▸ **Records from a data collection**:
****************************************

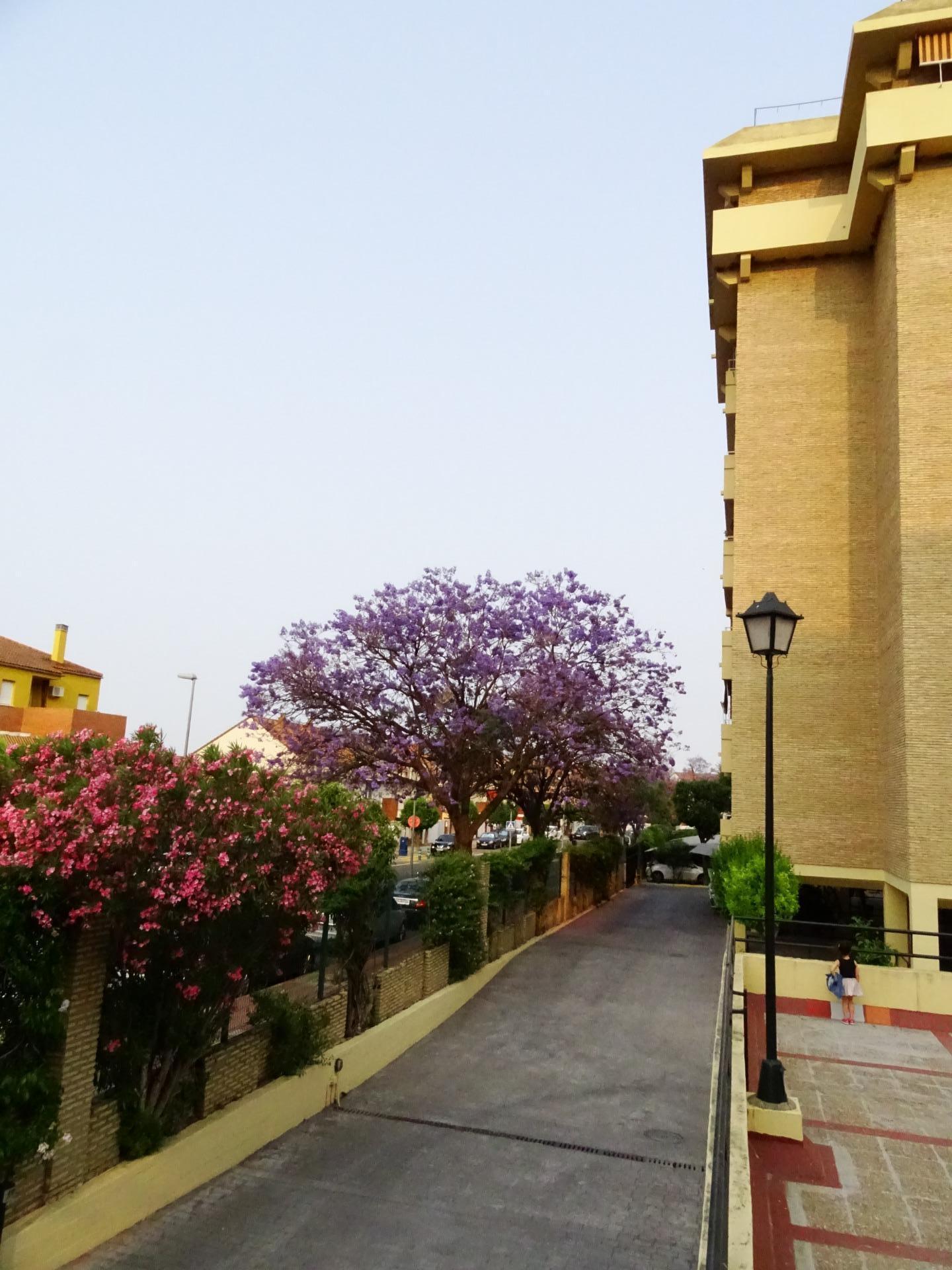 Pisos-Venta-Tomares-1722868-Foto-38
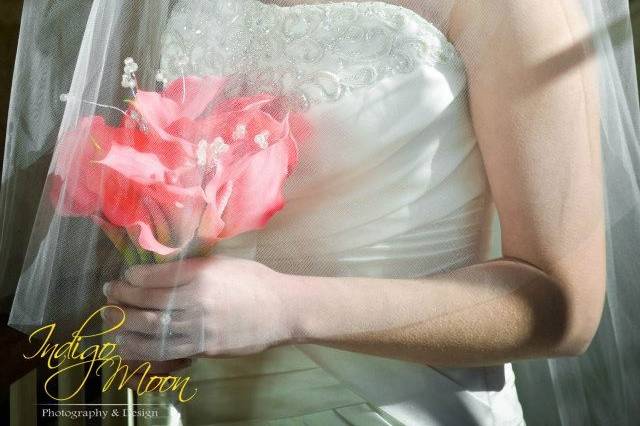 Indigo Moon Photography & Design
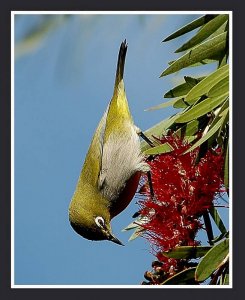 Cape White-eye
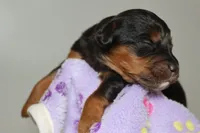 processed/885bd1a8-f8bc-4dc2-983e-8845bc5a3027/listing/ca566530-61fa-409f-a9c4-fb65aef81ba2/f43833d4-5e48-4abb-b91e-acbba87c6cce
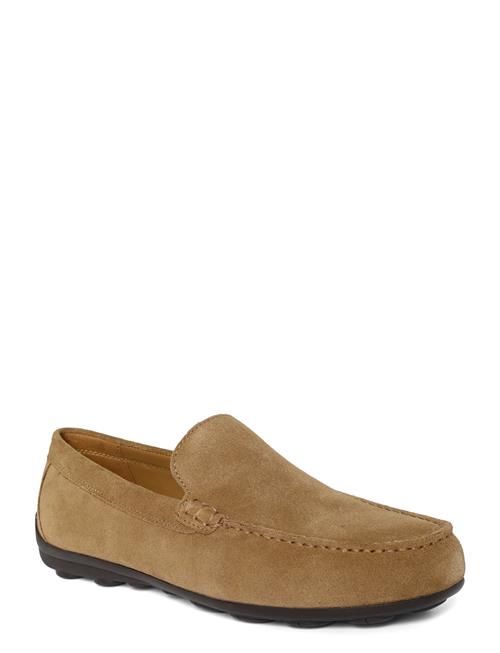 GEOX | U Spherica Ec16 A | 42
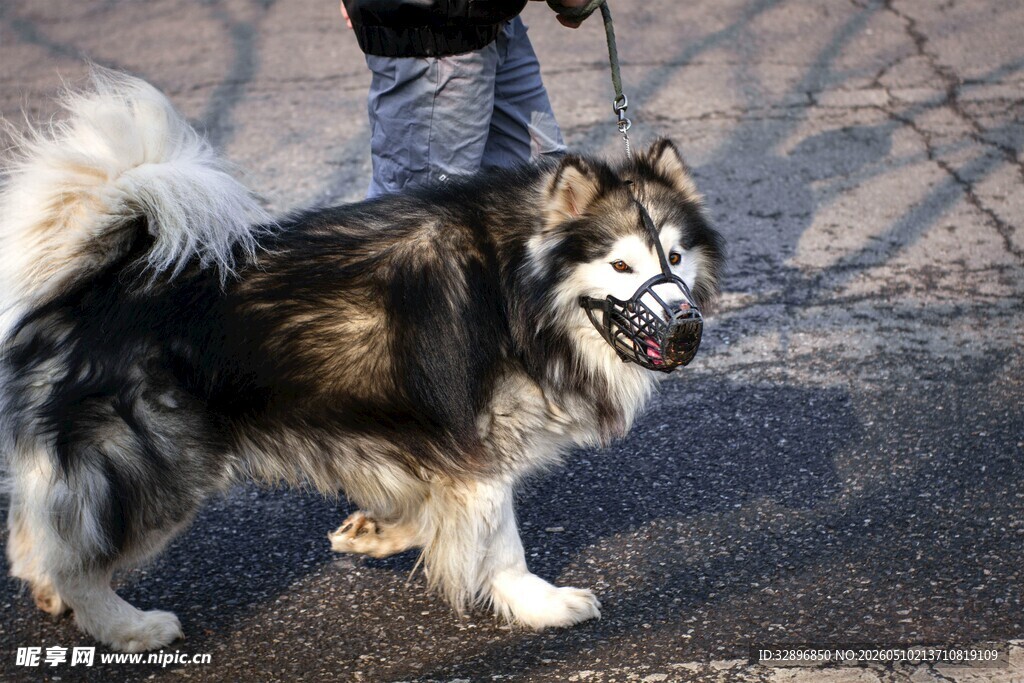 户外遛阿拉斯加犬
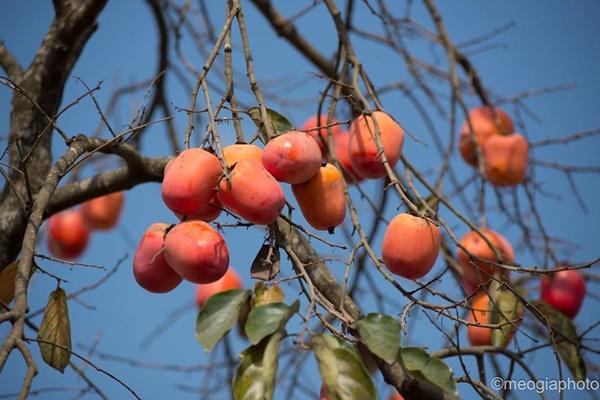 Hồng treo gió, món ngon tuyệt cú mèo làm rất dễ, ai cũng nên thử một lần-2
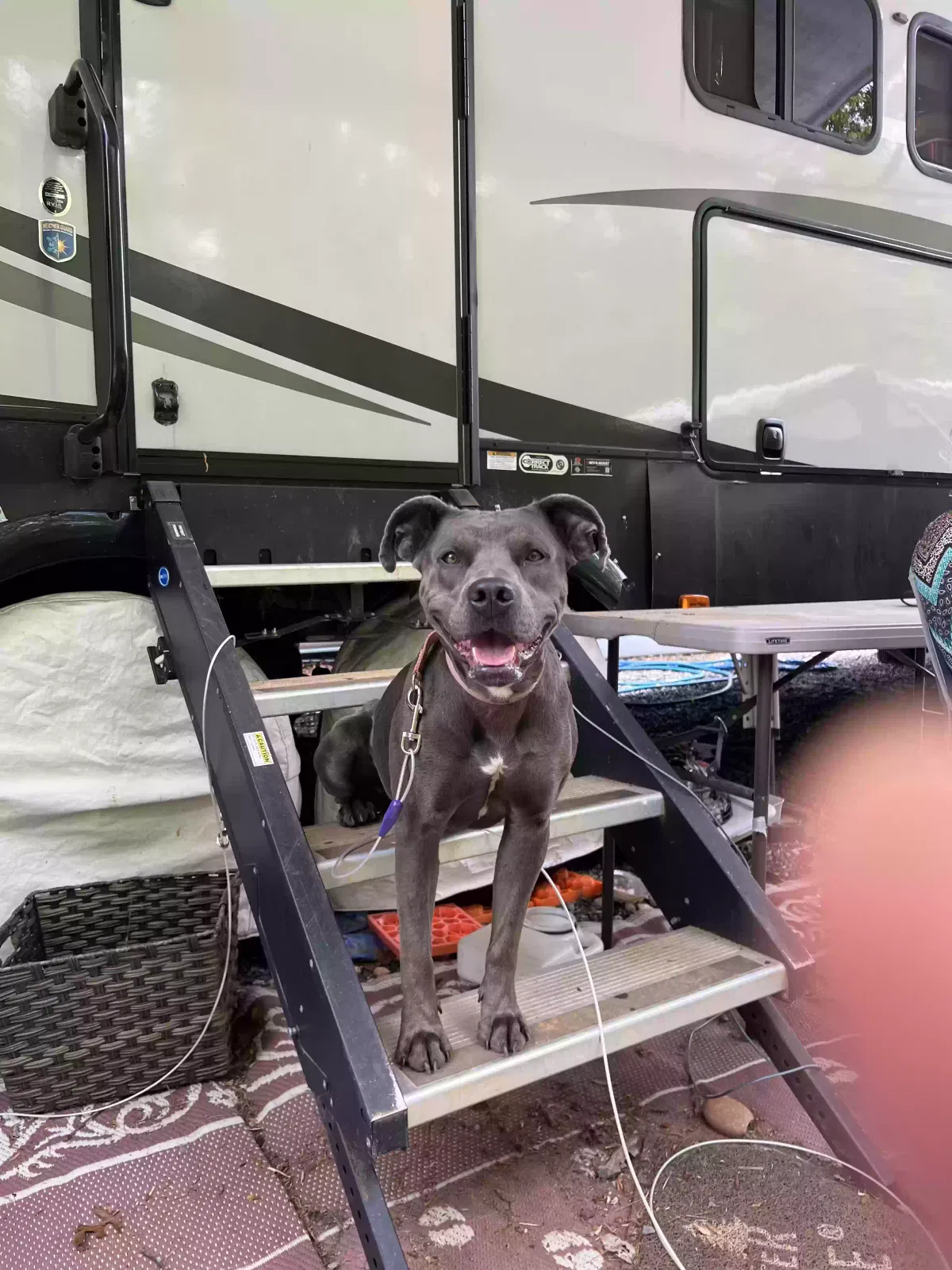 Found dog in Bassett, VA, 24055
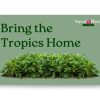 Bring the tropics home gift card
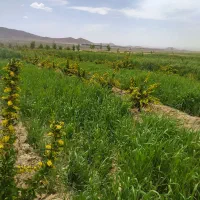 بزغاله فروشی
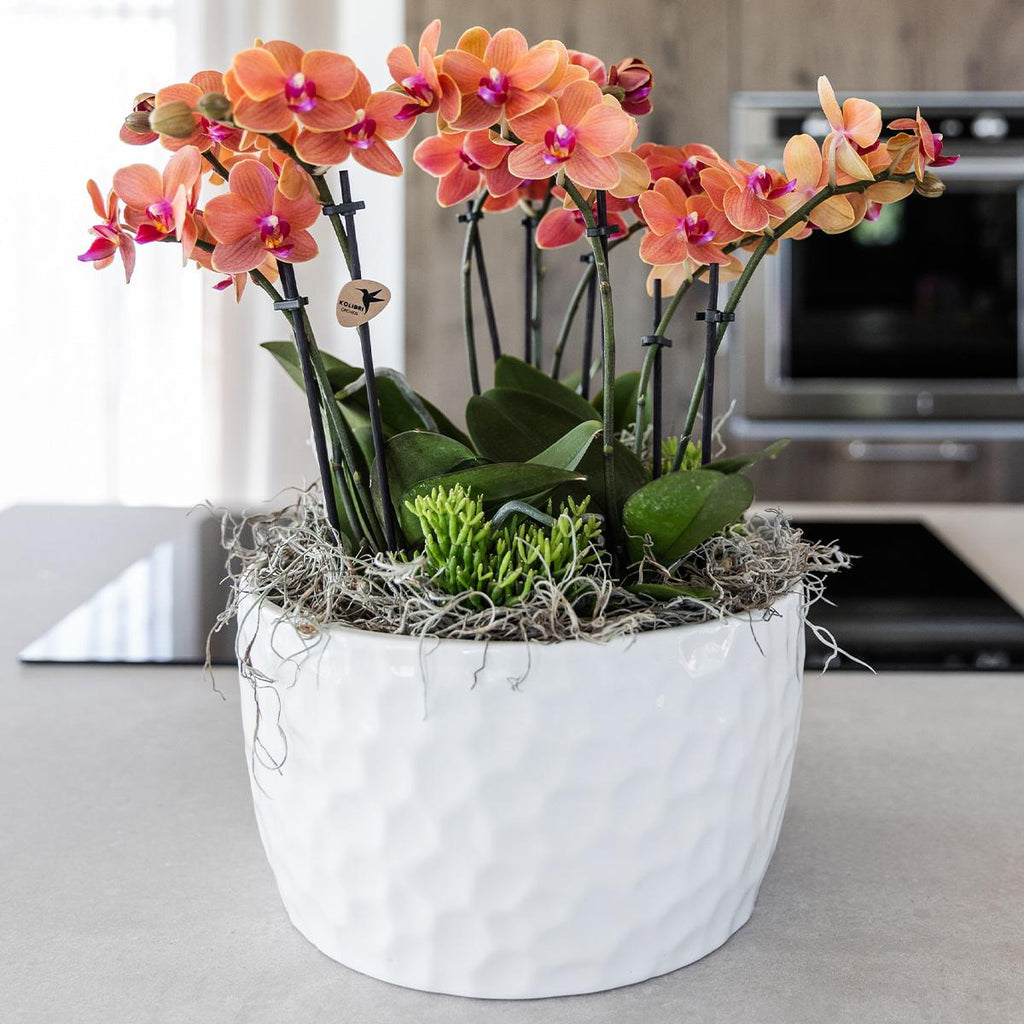 Kolibri Orchids | oranje plantenset in Honey dish incl. waterreservoir | drie oranje orchideeën Bolzano 9cm en drie groene planten | Jungle Bouquet oranje met zelfvoorzienend waterreservoir
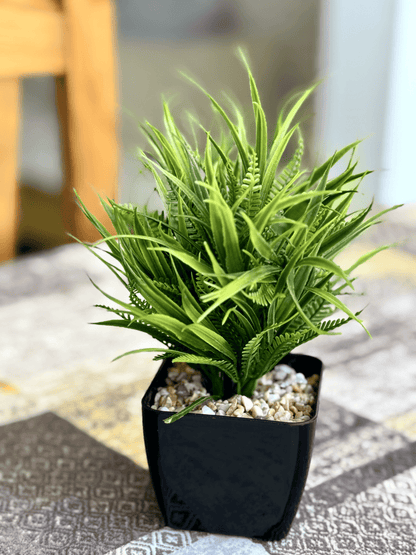Heart_of_Las_Americas_Charming_Beach_Apartment_Tenerife_House_Plant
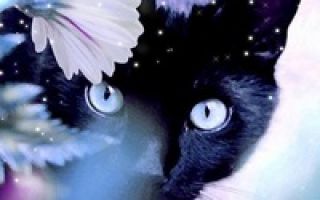 Чёрная кошка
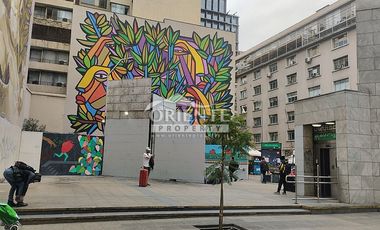 BARRIO BELLAS ARTES, PARQUE FORESTAL HOME STUDIO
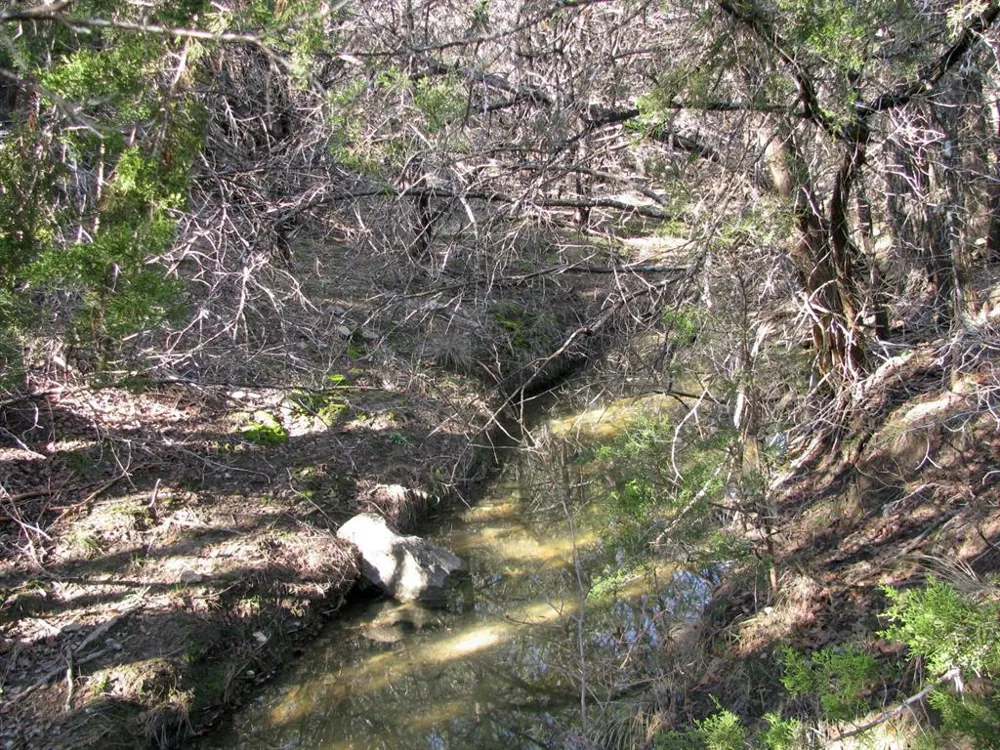 County Road 421 Evant, TX 76525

****************************************

▸ **DESCRIPTION OF THE TASK**: Which lines run from the one containing "بزغاله فروشی" to the end of the entries above? Write them out exactly, leaving out every picture.

▸ **YOUR SOLUTION**:
 بزغاله فروشی
 Kolibri Orchids | oranje plantenset in Honey dish incl. waterreservoir | drie oranje orchideeën Bolzano 9cm en drie groene planten | Jungle Bouquet oranje met zelfvoorzienend waterreservoir
Heart_of_Las_Americas_Charming_Beach_Apartment_Tenerife_House_Plant
 Чёрная кошка
 BARRIO BELLAS ARTES, PARQUE FORESTAL HOME STUDIO
 County Road 421 Evant, TX 76525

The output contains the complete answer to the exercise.